The "bigger" niche: Those who want to stream high quality audio (above typical lossy codecs MP3, AAC, Ogg, etc.)

 

The niche in that niche: Those who want to stream at resolutions higher than Redbook.

 

MQA seems to be selling this to record companies as some kind of DRM. From an interview with Spencer Chrislu:

 

It's important, though, to protect the interests of studios. If a studio does their archive at 24-bit/192kHz and then uses that same file as something to sell on a hi-rez site, that is basically giving away the crown jewels upon which their entire business is based.

 

I think Mr. Chrislu is misinformed about HDTracks pricing model. :-)

 

Back to the "vaporware" topic, the one thing that MQA doesn't adequately address is their mobile story. As a Tidal HiFi subscriber, I also am able to stream on my mobile phone. So far, MQA has been steadfast that decoding must happen in hardware (hardware that MQA licenses of course).
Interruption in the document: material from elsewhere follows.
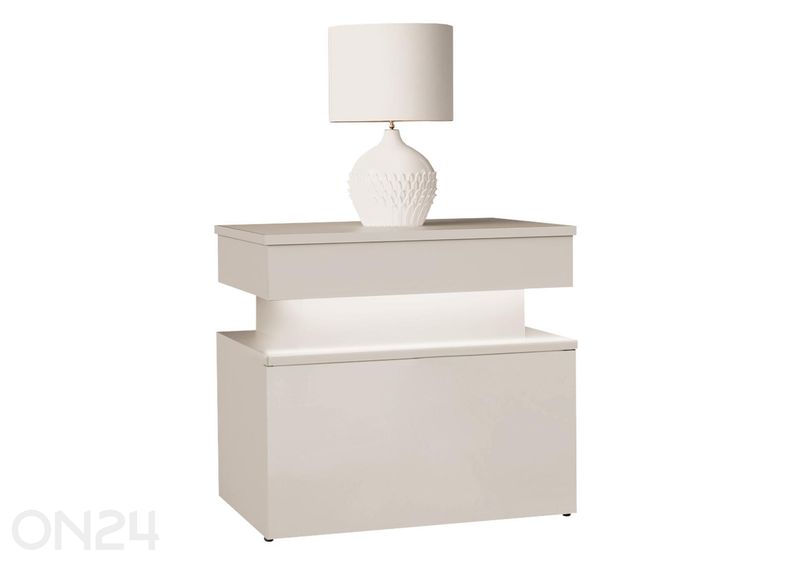 Прикроватная тумба Glossa 55 cm + LED увеличить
This is not to say there aren't at least some sample implementations of mobile MQA. I have an Onkyo DP-X1 that claims to have an MQA decoder. I downloaded a sample MQA file from 2L and the equivalent PCM file. I liked the PCM file better. YMMV of course.

 

Until MQA can be decoded in pure software, there is no real mobile story. And until MQA does have a solid mobile strategy, it's DOA.

 

And let's not forget that Tidal (for example) still can't make a profit. And it's part of that "bigger" niche. So far, MQA's primary "success" is the number of words that Stereophile has produced with glowing, gushing reviews. Classic vaporware.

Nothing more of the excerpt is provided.